While security intelligence and research are indispensable components of a proper incident response strategy, there are plenty of other methods for discovering “bad stuff” on the network using a log management system. As it’s common for attack campaigns to exploit current events in their phishing attempts, you could query email subject logs for recent news events (the royal wedding was a popular one, as well as the notorious Storm worm) and then see what attachments were also sent, or what URLs may be in the message body. Or you could query to see what URLs a victim visited after opening the attachment or reading the email. This would help you determine any other internal hosts that could be compromised.

When you are aware of a nasty new 0day vulnerability in, oh let’s say a browser plugin, you can look to see when that browser plugin (as an HTTP user-agent) starts acting funny. If you are expecting a new round of client-side vulnerability exploits based on published update bulletins, you may want to look for indicators. You can profile traffic depending on its destination (i.e., dynamic DNS providers could be good or bad, but you might want to know who’s visiting them). There are also fundamental things you shouldn’t see happening on a host or on the network (registry edits, strange setuid changes, impossible packets, etc.) that can be useful indicators. Hunting always boils down to looking for a ‘sign’ of suspicious activity and then ‘tracking’ based on any indicator data you may find.
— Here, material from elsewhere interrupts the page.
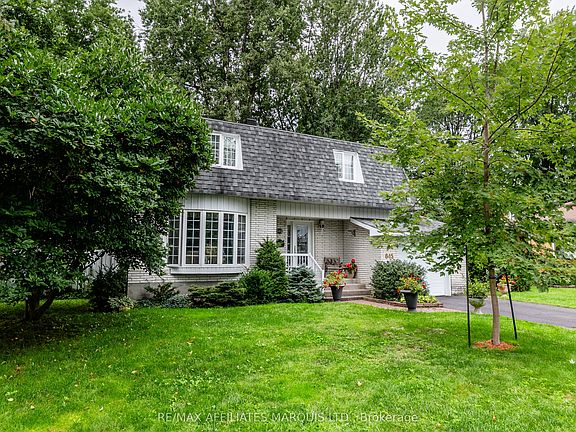 2nd image of 645 Dundas Cres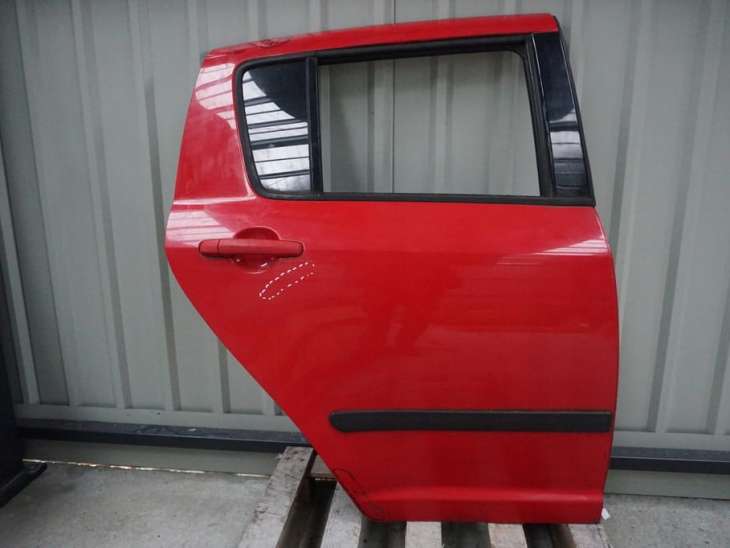 Suzuki Swift Mk6 III Drzwi Prawe Tylne Zcf Czerwone Szyba Nr.412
The important take away is that you can pay other people for security intelligence, or you can pay your own people to do it while ensuring the data is relevant to your organization and its threat tolerance. Although better technology and log management techniques have improved incident detection rates, the human factor of incident response cannot be understated or replaced. You should be able to translate an English (or other verbal language) sentence into a detection technique or query and get back results promptly. The best detection and reporting system is one that you can get usable information from based on a specific detection goal. In most cases a SIEM only comes close to this goal, but an effective log management system can provide the flexibility to return an answer to any question you could think to ask.